ALINE CARDOSO DE OLIVEIRA – TRANSE
O que há lá em frente? Essa nuvem, além de mais escura que o normal, movese em uma velocidade muito alta. Por que ela está cada vez mais perto?
Estava imóvel, apenas com o foco de meu olhar alterando-se conforme aquilo
se aproximava.
Quando a nuvem chegou mais perto ainda, consegui perceber que não era
exatamente uma nuvem. Pássaros pretos, fazendo estardalhaços com suas gargantas
estavam a voar desesperados, pareciam voar em minha direção. Nossa, não apenas
pareciam.
Permaneci imóvel, de que adiantaria correr? Fiquei ali admirando a euforia do
bando ao entrar em mim. Com os primeiros tive um sentimento absurdamente
estranho, depois destes tantos comecei a me acostumar. Estes iniciantes me
empurraram para trás com uma certa força, minha sorte era que já estava tão
envolvida no grande manto preto daquelas aves que nem senti meu corpo tocar o
chão, mas sei que estava deitada nele. A pressão deles entrando em mim era incrível,
ia além da percepção física.
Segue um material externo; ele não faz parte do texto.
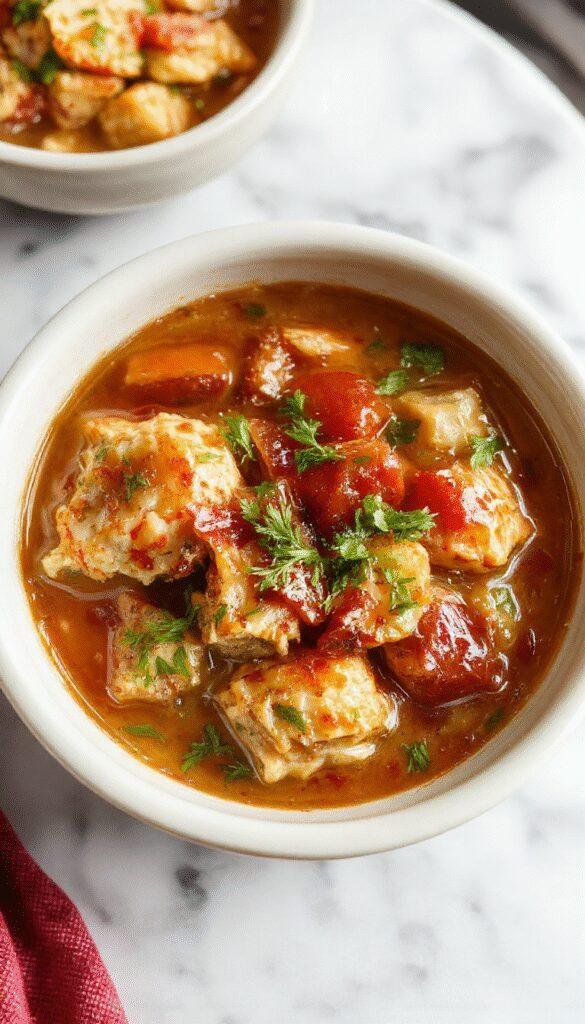 A steaming bowl of hearty chicken stew featuring tender chicken chunks, vibrant carrots, potatoes, and green beans immersed in a rich, savory broth, garnished with fresh herbs, served on a rustic wooden table with steam rising, evoking comfort and warmth.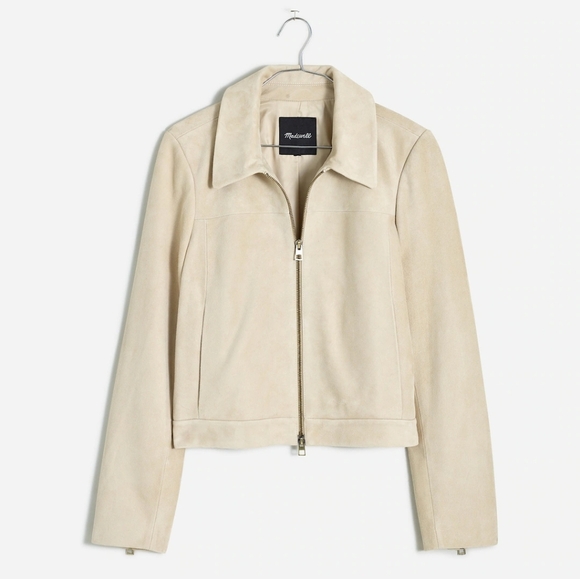 Madewell Shrunken Zip-Front Jacket in Suede Light Sand Size 4 NWOT Madewell - Picture 6 of 10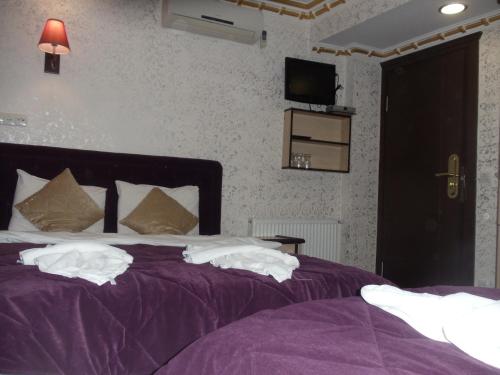 a bedroom with two beds with purple sheets and a tv at Ares Hotel in Istanbul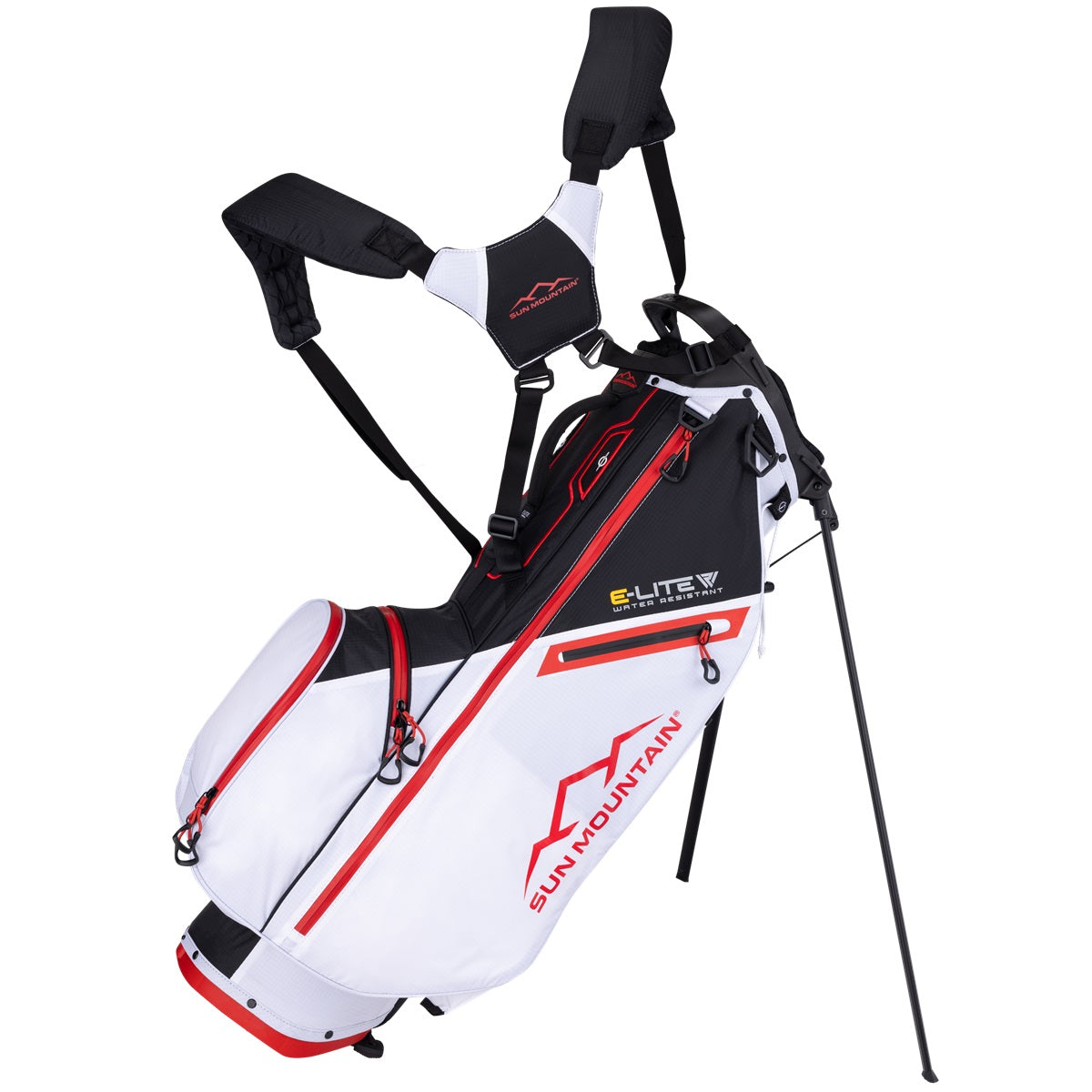 Sun Mountain E-Lite 4-Way Carry/Stand Bag - Black/White/Red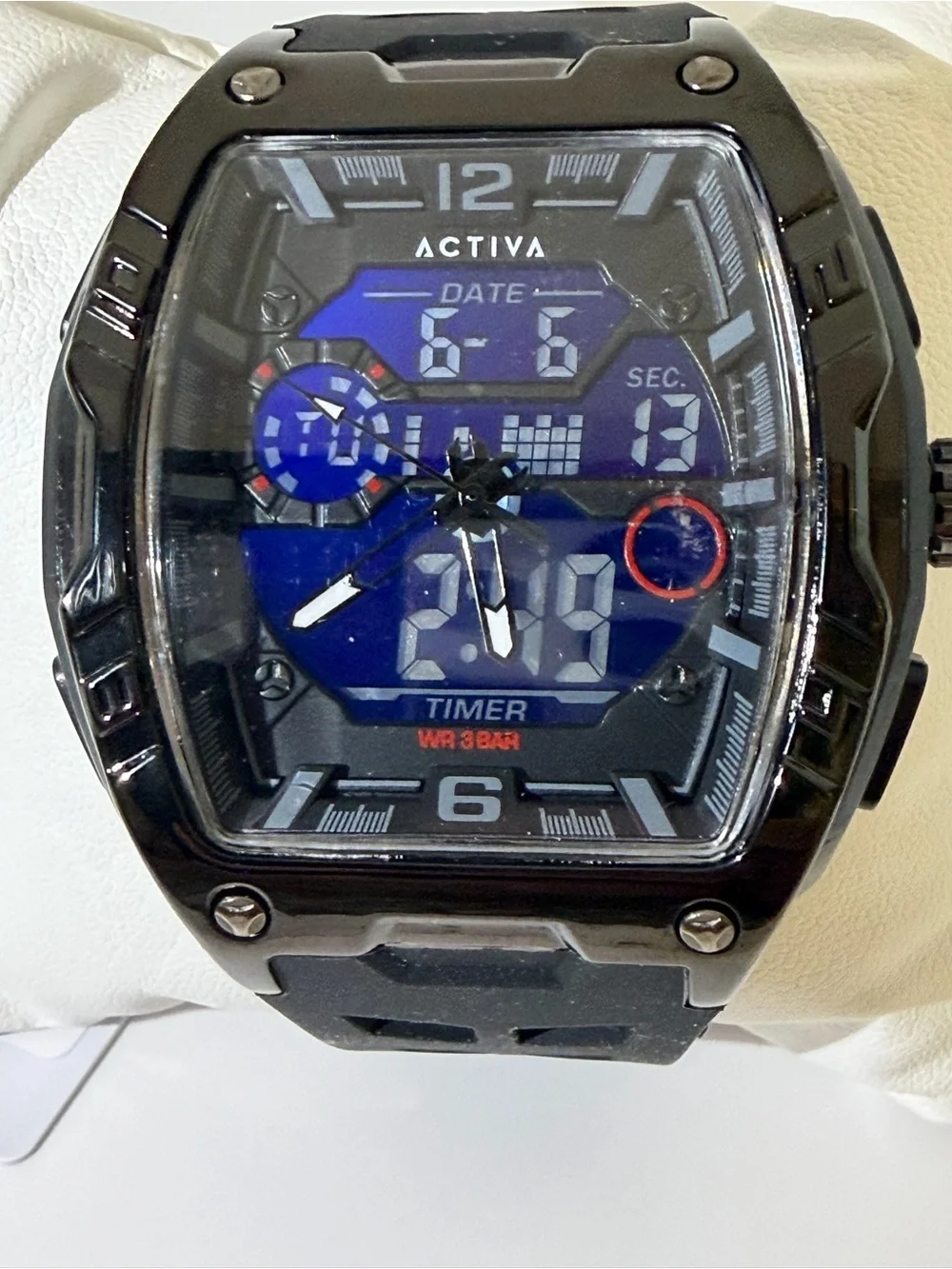 Activa Venzis Men’s  Black Digital Sports Watch With Light Up Dial 50mm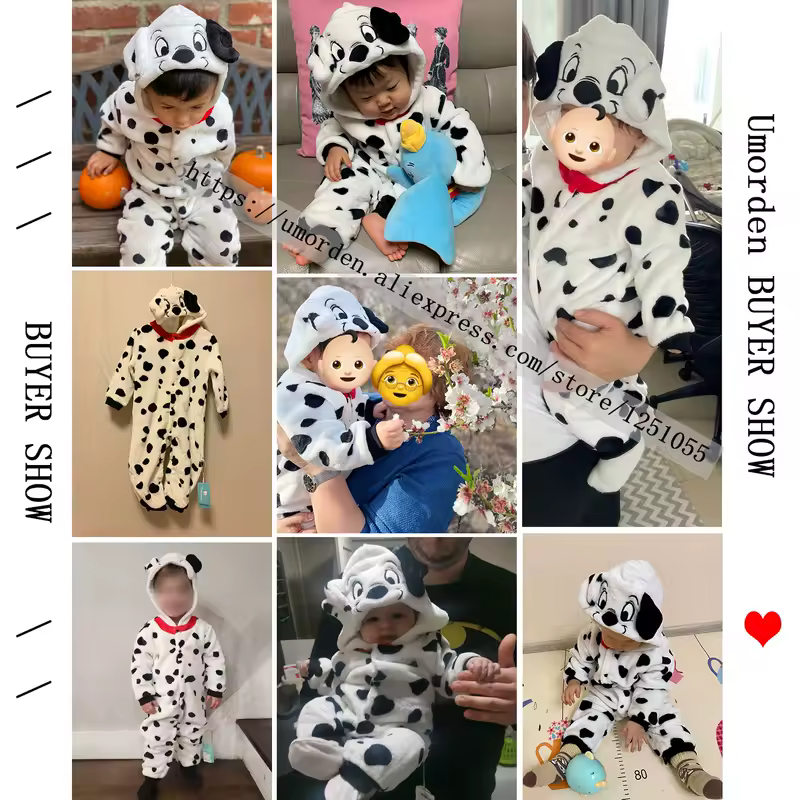 Umorden Baby Dalmatians Spotty Dog Costume Kigurumi Cartoon Animal Rompers Infant Toddler Jumpsuit Flannel Halloween Fancy Dress - Image 6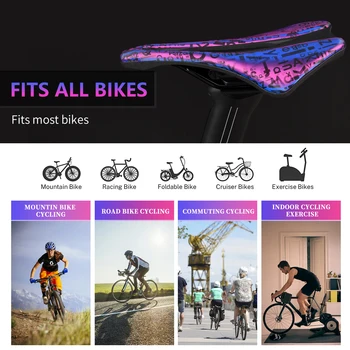 Велосипедное седло KOOTU, ультралегкое седло для горного велосипеда, седло для шоссейного велосипеда, дышащее мягкое седло из искусственной кожи, седло, меняющее цвет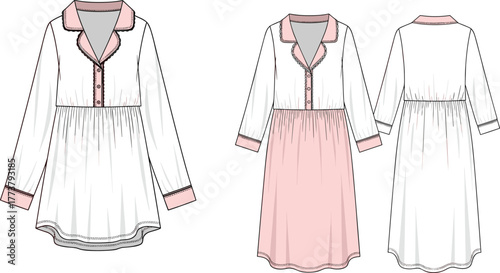 Women's nightgown technical sketch, long sleeve sleepwear, button front dress, gathered waist, fashion flat, cad drawing flat vector illustration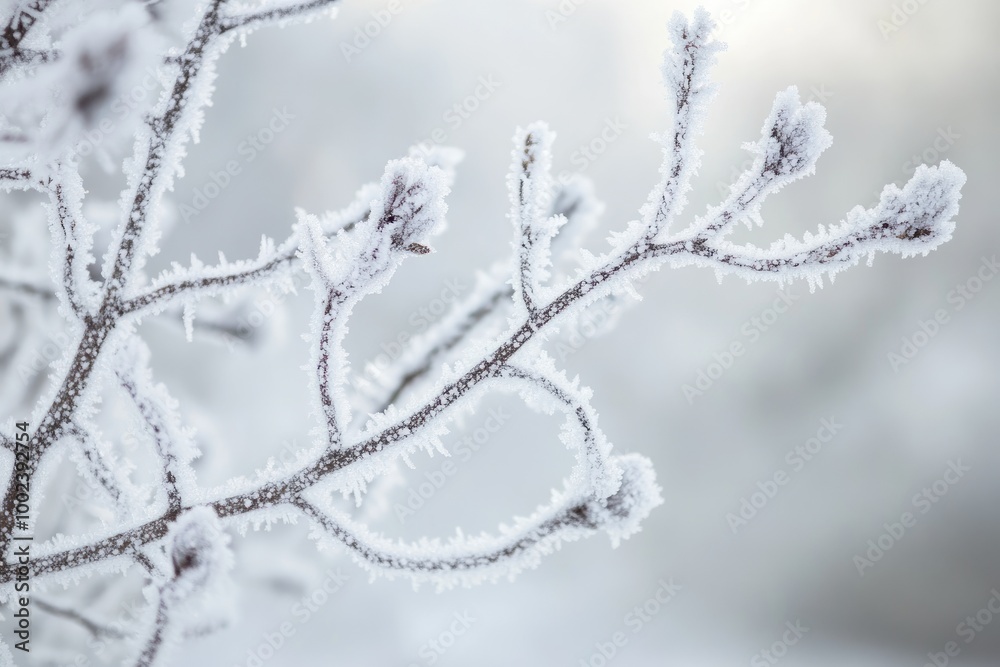 A Close-up of a Frost-Covered Branch in Winter A Close-up of a Frost-Covered Branch in Winter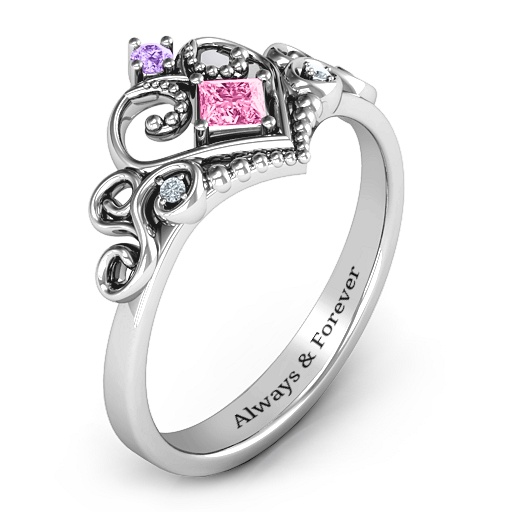 Fairytale Princess Tiara Ring with Blue Topaz (Simulated) Stones - Custom Jewellery By All Uniqueness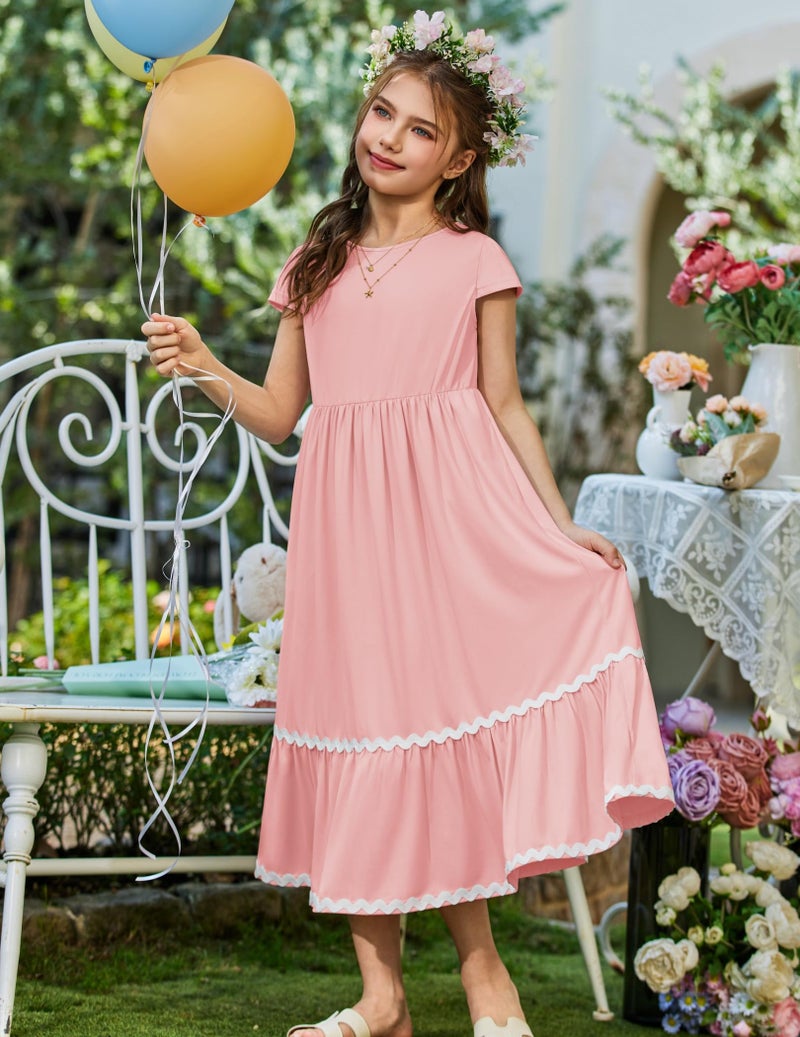 Arshiner Girls Summer Maxi Dresses Short Sleeve Casual Flowy Tiered Light Pink Dress with Pockets for 12-13Y Years - Image 3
Quem os olhava e olhava minha boca nunca iria imaginar
que ali passariam com tanta facilidade.
Sorte que ninguém olhava, sorte que não havia ninguém.
A sensação era incrível, tão boa que nem cheguei a pensar no momento em
que aquilo ocorria. Não havia concluído se era algo benéfico ou não até a hora em
que a experiência teve seu fim.
Algum tempo havia passado, não fazia noção do quanto. Mas quando saí
daquele transe, se é que posso usar essa palavra para definir, queria voltar.
Infelizmente todos os pássaros já estavam em mim.